Cameras in and on the fire truck captured the seconds leading up to the crash as the truck slowed at a red light on Kenwood, moved left of center, then sped up through the intersection.

Also captured: the impact between the 27.5-ton fire truck and Pitzer's one-ton Chevrolet Cavalier. “I was T-boned by a fire truck.”

The fire truck hit the driver's door, fracturing Pitzer's spine, hip and pelvis and leaving her with a long list of internal injuries and brain trauma.

Pitzer: There for a long time I didn't even remember who my kids were or who I was.

Duane Pohlman: Do you know who you are now?

Pitzer: Yes.

The crash left Pitzer’s life shattered too -- in debt and in collection on nearly every bill. "My car is still wrecked; my credit's ruined.”

And she's dealing with long-term health issues. “I have daily chronic pain, and I know that it's going to just get worse as I get older. And my memory issues -- I have memory issues. Short-term.”

To try and recover her losses, Pitzer sued the City of Blue Ash in Hamilton County court, claiming the fire crew "negligently and recklessly" ... "caused the violent collision."

But the City of Blue Ash filed a motion for summary judgement, claiming the firefighter driving the truck was "not negligent" and that, under Ohio law, he and the firefighters are "immune from liability."

The judge dismissed the case. Pitzer's lawyer Darrin Nye is appealing. "This is a situation where it's David vs. Goliath, and David lost unfortunately.”

“Our hope is that the court of appeals looks at it and feels that there's some issue of material fact that would allow the case to go forward,” said Nye.

I asked for an on-camera interview with the Blue Ash fire chief.

I received a statement from the Blue Ash public relations and community coordinator who stated, in part, "Video of the accident confirms the fire lieutenant followed policy. The lieutenant took multiple steps to ensure the safety of nearby drivers, including cautiously entering the cleared intersection with lights, sirens and the air horn activated."

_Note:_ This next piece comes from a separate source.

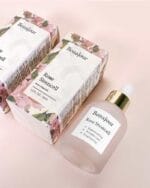 BONAJOUR Rose Stem Cell Ampoule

But, as our Local 12 investigation with more than a dozen reports dating back more than a year has shown, courts across Ohio are siding with the cities when they claim immunity.

From Cincinnati, where a police cruiser crashed into a parked car. To Dayton, where a cruiser without lights and sirens struck a woman in her wheelchair.

Attorneys fighting cities on damage claims say the immunity claim is becoming insurmountable.

Duane Pohlman: Is this right?

Paul Pfeifer: Well, it's legally correct, perhaps. I maintain and still believe passionately that it's not right.

Former Ohio Supreme Court Justice Paul Pfeifer has long-stated that sovereign immunity should not be given to cities because, he argues, it violates the highest law of the land.

Duane Pohlman: So you believe it's unconstitutional?

Pfeifer: Yes, I believe it's unconstitutional. I've said that and said it repeatedly.

But immunity continues, and cities are increasingly claiming it and winning in the courts.

“I had the right of way; I had a green light,” Pitzer said.

Pitzer, who was not cited, says she's stunned that being in the right doesn't matter when it comes to sovereign immunity. “Where’s the morals? That's what I'm asking. Where's the morals?”

The City of Blue Ash billed Pitzer for the damages to that fire truck and her insurance paid, but never paid for the damages to her car.

In Pitzer's case, she had liability coverage only. But attorneys told Local 12 many insurance companies won't pay even if you have full coverage.

Former Justice Pfeifer said you'd be better off getting hit by an uninsured driver than a government vehicle.